(Exercise aim) Below are records to repeat exactly; do not include any pictures.
[Start of section]
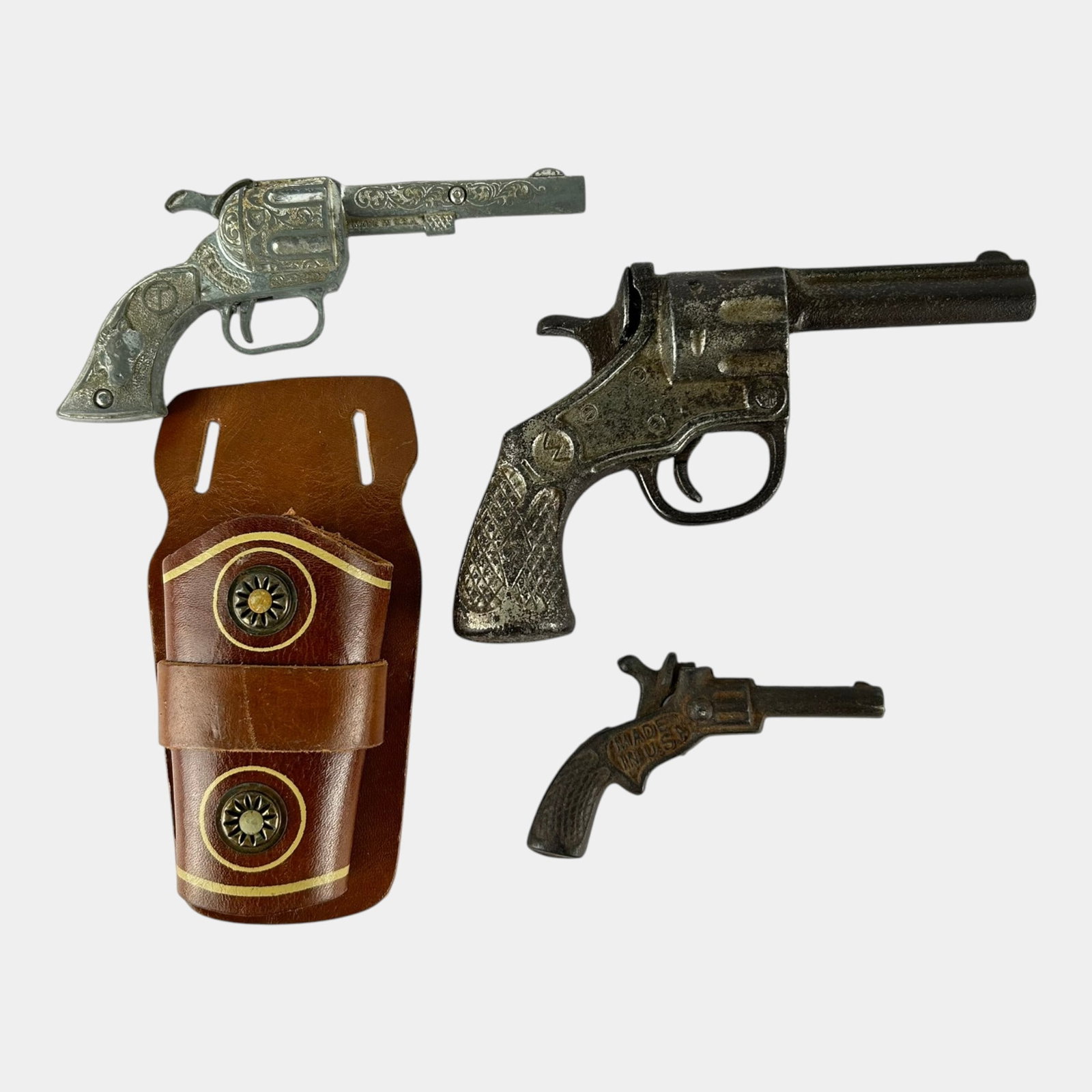 Mid Century Cast Metal Western Cowboy Toy Cap Guns Revolvers Pistols & Leather Holster (1 of 5)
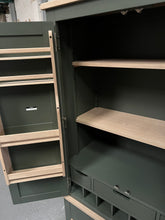 Load image into Gallery viewer, CHESTER FOREST GREEN
Triple Larder Quality Furniture Clearance Ltd
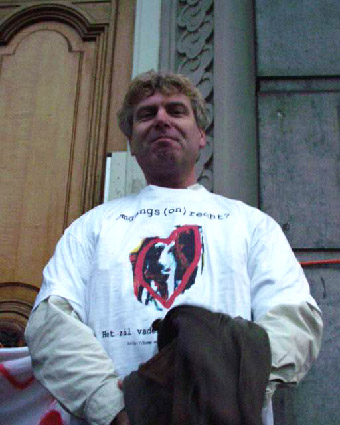 actievoerder met speciaal actieshirt
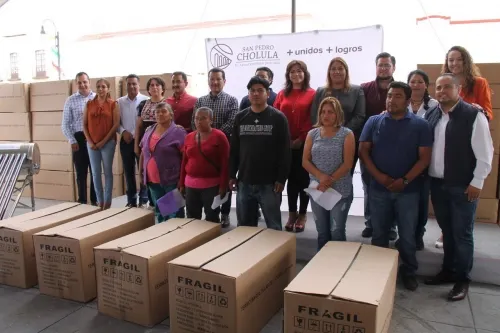 Beneficia gobierno de San Pedro Cholula a 230 familias con calentadores solares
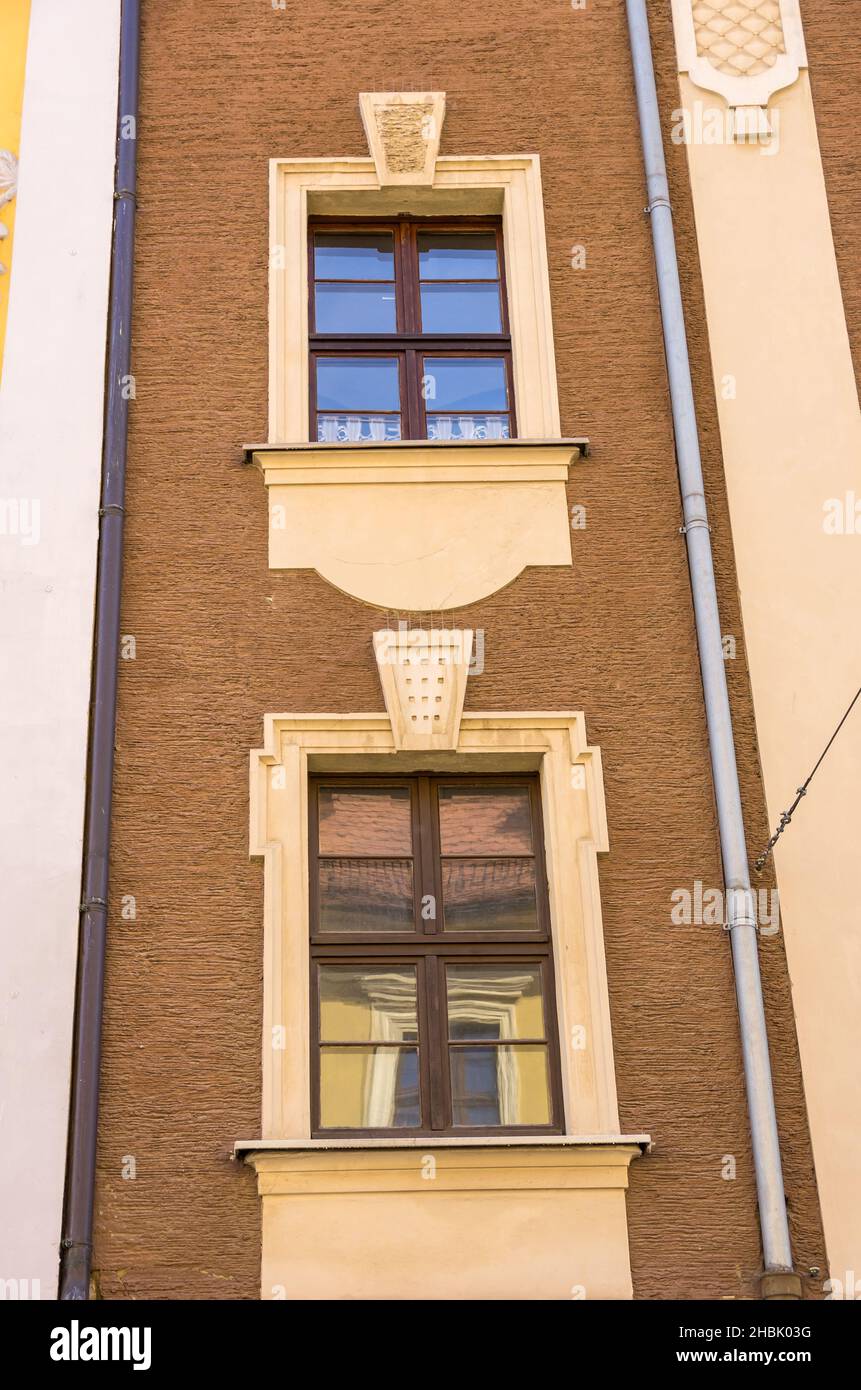 Historisches Haus Fassade Detail an der Reichenstraße (Reichenstraße) in Bautzen, Oberlausitz, Sachsen, Deutschland. Stockfoto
[End of section]
(Response area)
 Mid Century Cast Metal Western Cowboy Toy Cap Guns Revolvers Pistols & Leather Holster (1 of 5)
 Load image into Gallery viewer, CHESTER FOREST GREEN
Triple Larder Quality Furniture Clearance Ltd
 actievoerder met speciaal actieshirt
 Beneficia gobierno de San Pedro Cholula a 230 familias con calentadores solares
 Historisches Haus Fassade Detail an der Reichenstraße (Reichenstraße) in Bautzen, Oberlausitz, Sachsen, Deutschland. Stockfoto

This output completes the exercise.